◆ **Available data**
Start of Block

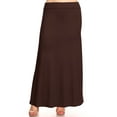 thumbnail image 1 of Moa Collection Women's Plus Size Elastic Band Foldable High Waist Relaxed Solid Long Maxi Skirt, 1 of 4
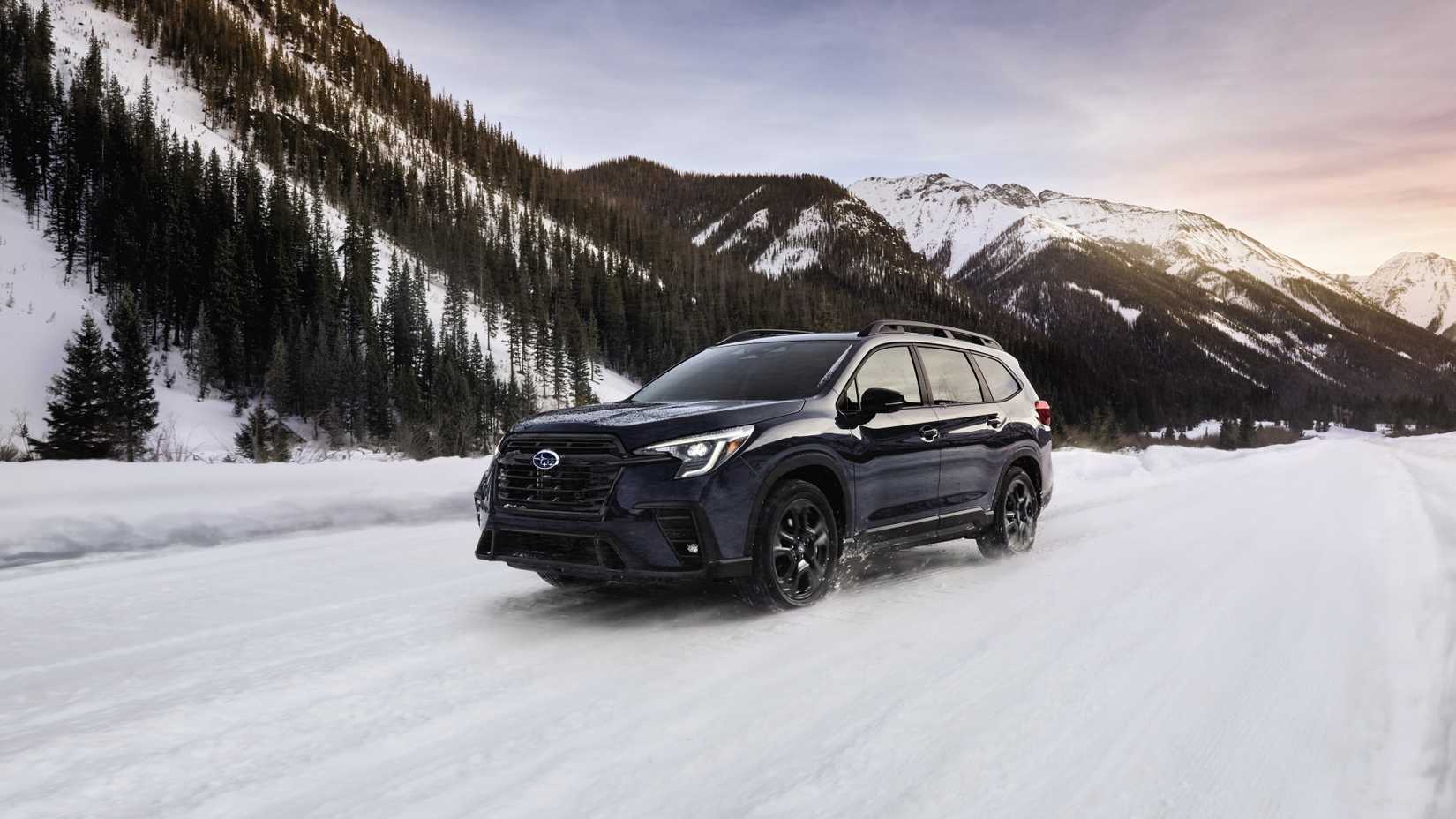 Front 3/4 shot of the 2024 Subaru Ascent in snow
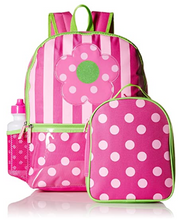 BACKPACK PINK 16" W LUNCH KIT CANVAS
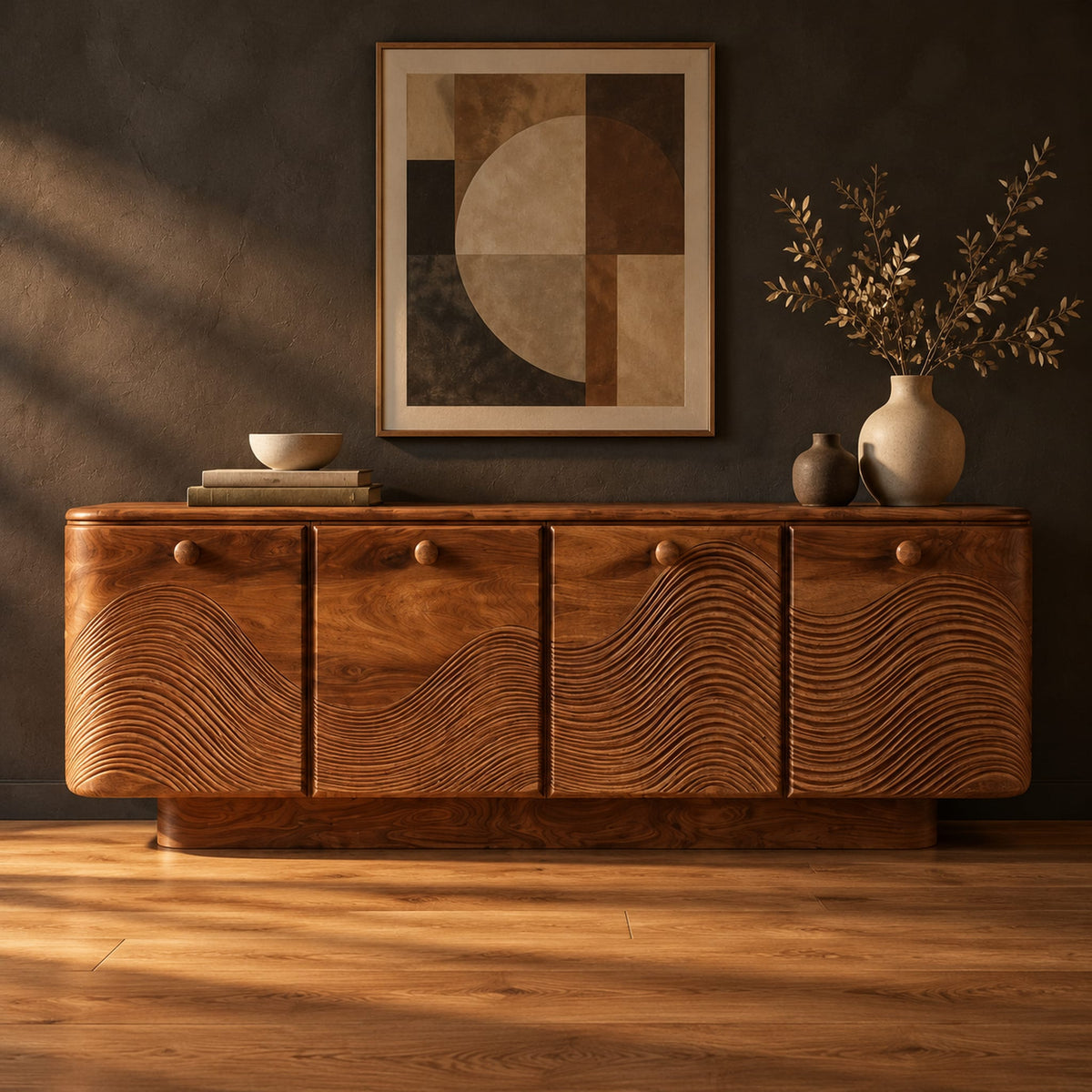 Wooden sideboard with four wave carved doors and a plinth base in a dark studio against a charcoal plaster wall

End of Block

◆ **Required action**
Pictures stay out; everything else in the listing above gets restated word for word.

◆ **Result of this exercise**
 thumbnail image 1 of Moa Collection Women's Plus Size Elastic Band Foldable High Waist Relaxed Solid Long Maxi Skirt, 1 of 4
 Front 3/4 shot of the 2024 Subaru Ascent in snow
 BACKPACK PINK 16" W LUNCH KIT CANVAS
 Wooden sideboard with four wave carved doors and a plinth base in a dark studio against a charcoal plaster wall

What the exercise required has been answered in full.